Philip Seymour Hoffman and John C. Reilly played the leads on Broadway, where they switched parts every so often during the run. The play opened at the Circle in the Square Theatre on February 17, 2000 and closed on July 29, 2000 after 154 performances and 21 previews. The director Matthew Warchus requested that the Tony Administration Committee consider Hoffman and Reilly as a single unit for Tony nominations, but the Committee decided that they would be considered separately. Both Hoffman and Reilly each received a nomination. This revival was also nominated for Best Play and Best Director (Matthew Warchus).
Bruce Willis and Chad Smith starred in a filmed version of the play, which was aired on Showtime in August 2002. The play was filmed in front of a live audience and directed by Gary Halvorson with Andrew Alburger and Danielle Kennedy in supporting roles.
International and regional productions
The play was produced in London by the Royal National Theatre at the Cottesloe Theatre, opening on December 3, 1981. Directed by John Schlesinger, the cast starred Bob Hoskins as Lee and Antony Sher as Austin, with Patricia Hayes as Mom.
The Donmar Warehouse presented the play in 1994, starring Mark Rylance and Michael Rudko, directed by Matthew Warchus. Sheridan Morley wrote: "... this is really a two-man play and as Rylance and Rudko prowl around each other, giving two of the best-contrasted and indeed best performances in town, 'True West' seems somehow a much stronger, funnier and more savage play than I recall from its first National outing over here in the early 1980s." The production began at the Quarry Theatre in Leeds. Matt Wolf called the Donmar Warehouse production a "blazing revival", "one of the bset-attended of [Sam] Mendes' early years." The male leads swapped roles every 3 or 4 performances.
Wilson Milam directed a production at the Bristol Old Vic in November 2003, with Phil Daniels as Lee and Andrew Tiernan as Austin. The British Theatre Guide reviewer noted: "The design, by Dick Bird, who was responsible for the much-admired Great Expectations at the Old Vic earlier this year, is excellent. White framed windows opening on to a patio area with plants, furniture and skies beyond." The production replaced the smashing of a typewriter with a modern working laptop, and used 20 working toasters.

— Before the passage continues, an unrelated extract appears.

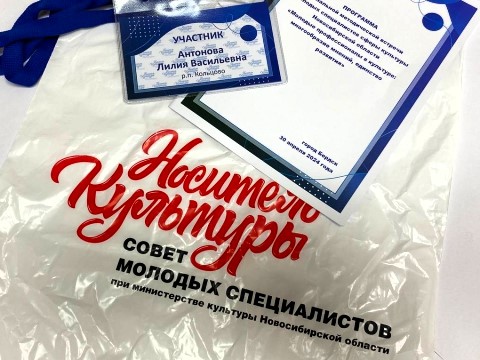 Выходные можно провести по-разному!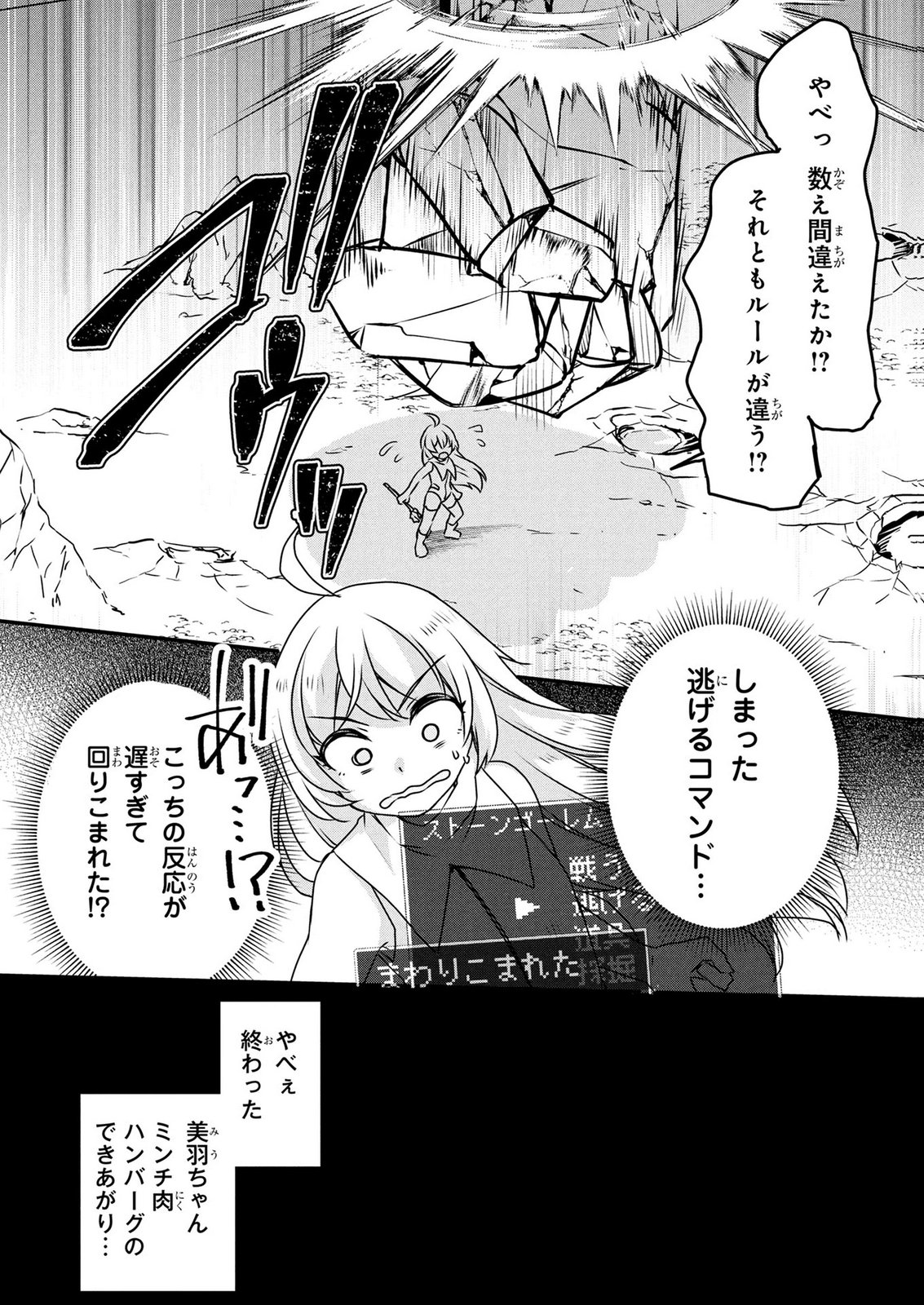 Mob na Shujinkou - Shousetsu no Naka no Mobu wa Kawaii kedo Mondai ga Aru Chapter 8 23ページ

The production caused the Bristol Old Vic to remove the first 3 rows of seats for fear that the audience would be harmed and installed a Perspex shield for safety reasons. It did however receive much critical acclaim from the British National Press and was cited as Pick of the Week in The Guardian newspaper (October 27, November 2, 2003).
Soulpepper, Toronto's largest theatre company, presented Patricia Hamilton, Stuart Hughes and Mike Ross in a production directed by Nancy Palk at the Young Centre for the Performing Arts, running in April - May 2013.

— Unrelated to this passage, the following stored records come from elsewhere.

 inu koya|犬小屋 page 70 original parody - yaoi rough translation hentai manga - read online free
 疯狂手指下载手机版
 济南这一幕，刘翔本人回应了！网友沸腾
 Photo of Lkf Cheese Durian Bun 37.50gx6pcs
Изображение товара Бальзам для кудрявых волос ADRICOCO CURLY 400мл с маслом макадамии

Pittsburgh Public Theater's production was directed by Pamela Berlin, with Ken Barnett (Austin) and David Mogentale (Lee), running from November 7 through December 8, 2013, at the O'Reilly Theater.
Citizen's Theatre, Glasgow presented True West in October 29 - November 16, 2013, directed by Philip Breen, starring Alex Ferns and Eugene O'Hare. This production ran at the Tricycle Theatre, London in September 2014.